▸ **Dataset entries**:
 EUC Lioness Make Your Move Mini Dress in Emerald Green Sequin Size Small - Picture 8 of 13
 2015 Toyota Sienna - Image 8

* * *

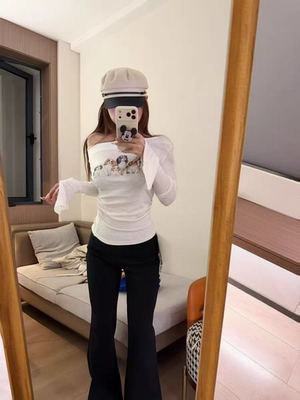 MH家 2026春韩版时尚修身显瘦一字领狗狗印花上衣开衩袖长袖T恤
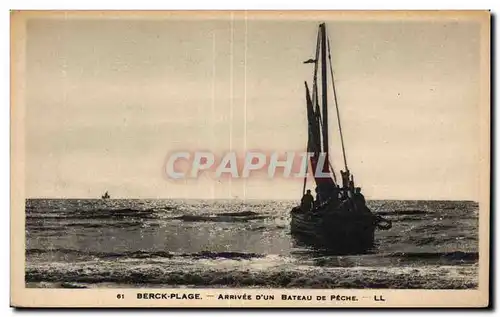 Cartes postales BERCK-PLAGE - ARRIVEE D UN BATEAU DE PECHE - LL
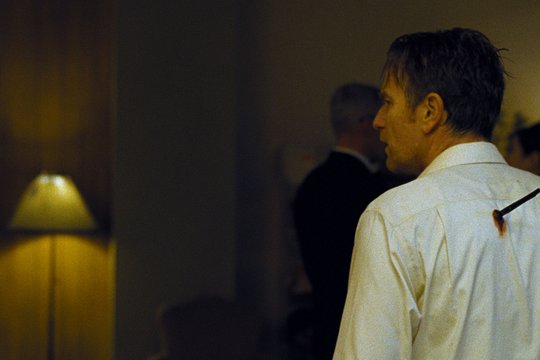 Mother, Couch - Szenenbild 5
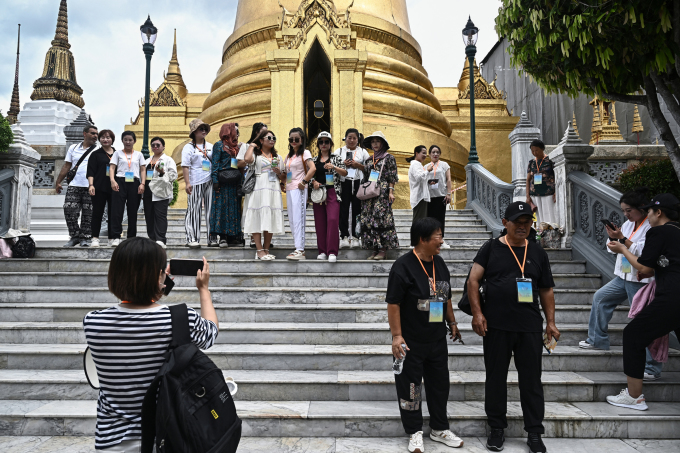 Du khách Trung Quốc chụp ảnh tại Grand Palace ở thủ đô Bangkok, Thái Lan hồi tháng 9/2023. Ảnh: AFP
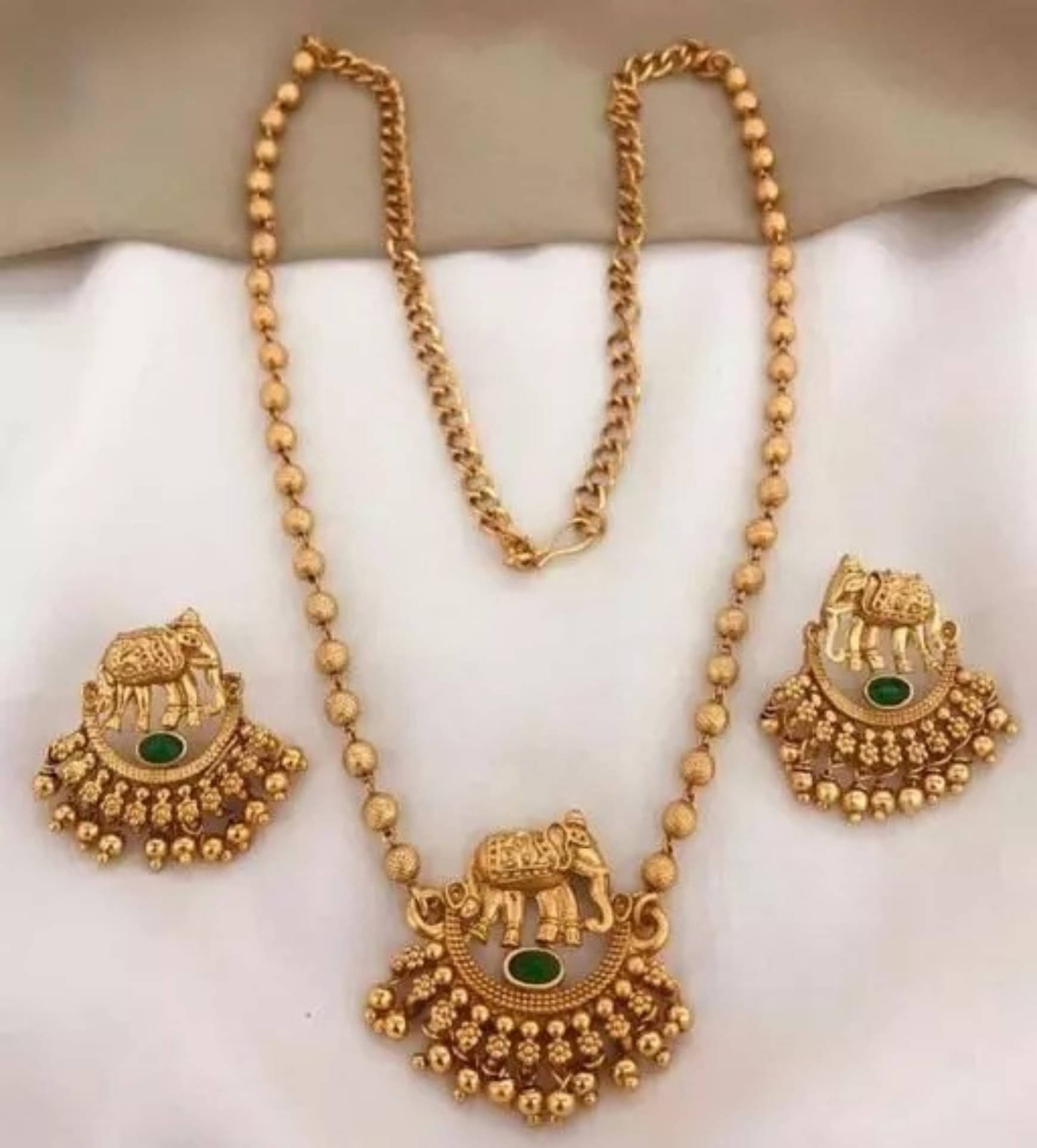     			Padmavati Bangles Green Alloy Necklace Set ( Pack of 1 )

▸ **What you should do**: Exact copy, pictures excluded: from the line with "Mother, Couch - Szenenbild 5" up to and including the line with "Padmavati Bangles Green" in the data above.

▸ **Written solution**:
 Mother, Couch - Szenenbild 5
 Du khách Trung Quốc chụp ảnh tại Grand Palace ở thủ đô Bangkok, Thái Lan hồi tháng 9/2023. Ảnh: AFP
     			Padmavati Bangles Green Alloy Necklace Set ( Pack of 1 )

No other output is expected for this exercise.